Hoofdstuk 24: Het monster onder je bed

127 19 5
                                    

We blijven muisstil en doodsbang onder het bed liggen terwijl we horen hoe koning Tom van Ljord rustig wakker word. Hoe gaan we hier ooit  in vredesnaam uitkomen?! We worden simpel gezegd gewoon onbewust gegijzeld hier!

Ik ben echt verschrikkelijk jaloers op Tom nu. Ik kan zijn ontbijt zelfs hier onder het bed ruiken en ik kan je vertellen dat dat ongelooflijk smakelijk is met de pannenkoeken en verse aardbeienkwark!

Het lijkt voor ons wel uren te duren voordat hij eindelijk klaar is met zijn verrukkelijke ontbijt op deze zondag in Ljord. "Bedankt! Het was weer heerlijk zoals altijd! Je bent vrij om te gaan!" Zegt hij blij. De slijmbal.

We horen hoe het dienstmeisje de kamer met het karretje verlaat en beiden kijken we elkaar ongeduldig aan: voor hoe lang moeten we hier nog blijven zitten? Tom stapt zijn bed uit volgens mij trekt hij nu wat andere kleren aan.

Dan komt er opeens iemand binnenstormen, volgens mij als Tom net de kamer wilt verlaten. "Koning! We hebben een Kantaan gevangen genomen, alleen beweerd hij dat hij Jenavaans is!"

Godverdomme. Ik ben nu echt kwaad. Beter blijven ze allemaal met hun smerige tengels van Maan af. Hoe weten ze überhaupt dat Maan Kantaans is? Hij kan namelijk makkelijk doen of als hij Jenavaans is met zijn half-Empire huid.

"Ik kom er gelijk aan. We gaan die smerige bosjesman nog een lesje leren. Ik heb een hekel aan dat stink volk-" Ik kook van woede, worstel me uit Diana's greep die me in bedwang probeert te houden en kruip onder het bed vandaan. Ik storm kwaad op Tom af en mijn linkervuist komt recht in zijn voorhoofd. Hij valt achterover en Diana, die inmiddels ook onder het bed vandaan gekomen is, sleurt me mee en begint te sprinten.

We rennen zo hard als we kunnen. "Verdomme Bart! Kon je dan niet heel even gewoon jezelf in bedwang houden?!" Snauwt ze en ik frons. "Ja wat had je dan verwacht?! Niemand praat zo over mijn volk!"

We zijn beneden in de kerkers aangekomen en kijken rond of we Maan zien. In de cellen komen we allerlei verschillende types tegen, waarvan er velen verminkt en gemarteld zijn. Dan zien we in één van de cellen Maan, die in een hoekje gekropen is. "Maan!" Roep ik en hij kijkt op, "Chief?" Zegt hij verbaasd, waardoor het bijna lijkt of als hij niet had verwacht dat wij zouden komen opdagen.

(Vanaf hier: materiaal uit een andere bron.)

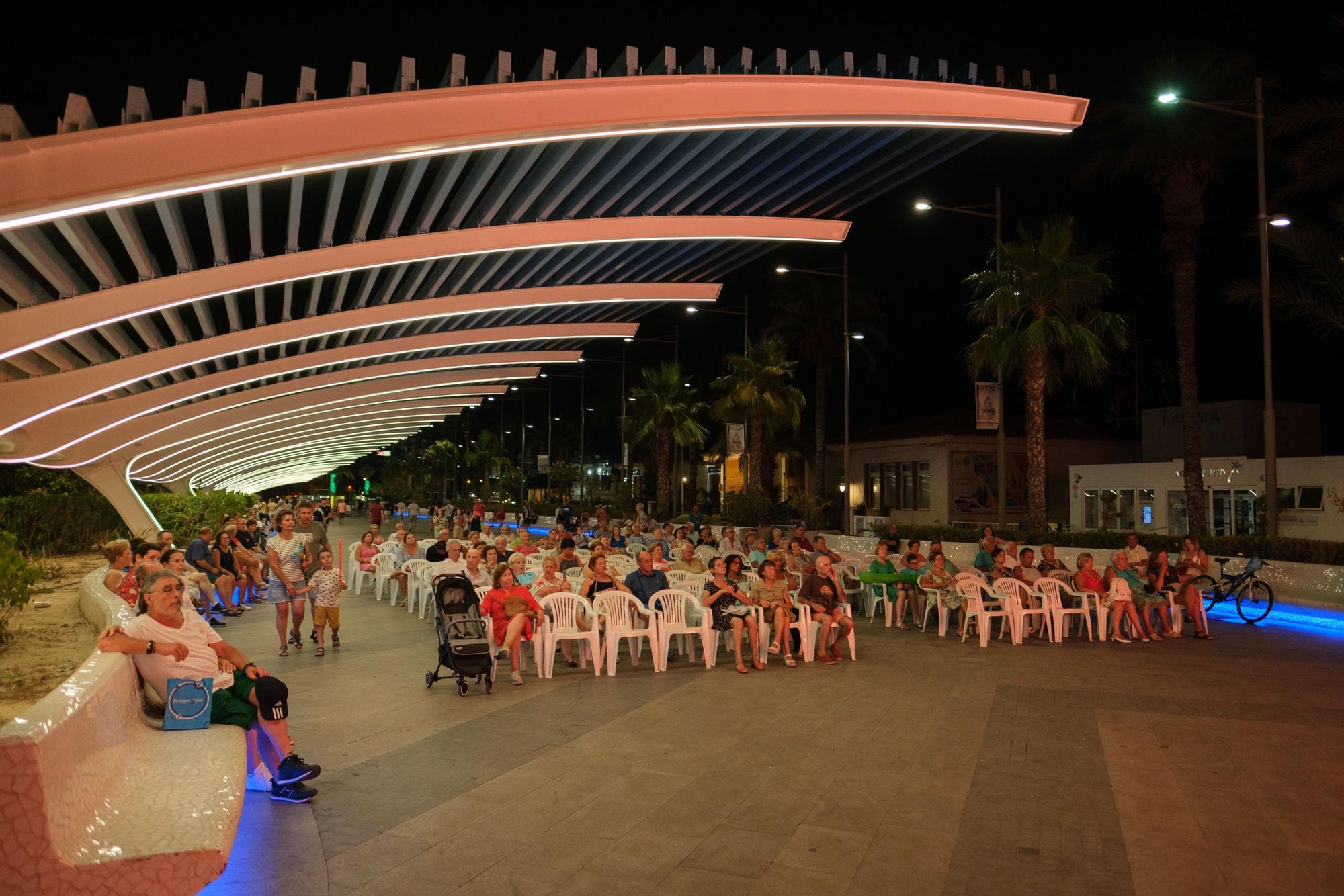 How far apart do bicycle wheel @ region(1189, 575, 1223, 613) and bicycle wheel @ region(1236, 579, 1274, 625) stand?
0.35m

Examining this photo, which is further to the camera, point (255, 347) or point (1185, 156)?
point (1185, 156)

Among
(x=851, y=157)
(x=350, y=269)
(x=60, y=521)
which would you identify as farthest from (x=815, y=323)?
(x=350, y=269)

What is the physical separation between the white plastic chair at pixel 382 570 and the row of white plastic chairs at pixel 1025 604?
9953 millimetres

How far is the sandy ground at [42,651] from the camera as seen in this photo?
7.75 meters

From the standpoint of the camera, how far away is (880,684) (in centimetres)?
984

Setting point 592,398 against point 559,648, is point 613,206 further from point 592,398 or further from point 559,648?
point 592,398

"We komen je hieruit halen!" Zeg ik terwijl Diana met haar mes het slot openkraakt. We horen dat er soldaten aankomen en we raken gespannen. Ik ren naar Maan toe, grijp hem bij zijn polsen en trek hem omhoog, "Kom op, Maan! Werk even mee! We moeten opschieten als we niet allemaal de lul willen zijn!" Zeg ik en ik zie hoe Maan het probeert maar dat het gewoon erg moeilijk gaat. "Diana!" Roep ik en ze kijkt gelijk op. "Ja?" Vraagt ze, terwijl ze al in de houding staat, klaar om aan te vallen. "Oké, laat maar. Ik wilde even weten of je klaar stond om aan te vallen. Maan, klim op me rug."

Hij doet wat ik zeg en we beginnen te rennen. Diana blaast de soldaten aan de kant die op ons af kwamen rennen. We rennen door het kasteel als een malle en komen na een tijdje aan bij het raam waardoor we ook naar binnen gekomen zijn.

"Maan kan je springen...?" Vraag ik hopeloos, want als hij al amper kon lopen, hoe in hemelsnaam zou hij dan van een raam naar een boom kunnen springen? "Gewoon uit het raam springen! Het heeft gesneeuwt, zien jullie? Je moet je gewoon laten vallen!" Zegt ze en springt zo het raam uit en valt in de dikke laag sneeuw.

"Ik ben oké! Nu jullie nog!" Zegt Diana terwijl ze opstaat. We horen alweer soldaten aankomen en ik heb weinig tijd. Ik kijk om me heen en zie de soldaten al. Klote.

Ik kan nog net Maan uit het raam gooien als ik van achteren vast wordt vastgegrepen.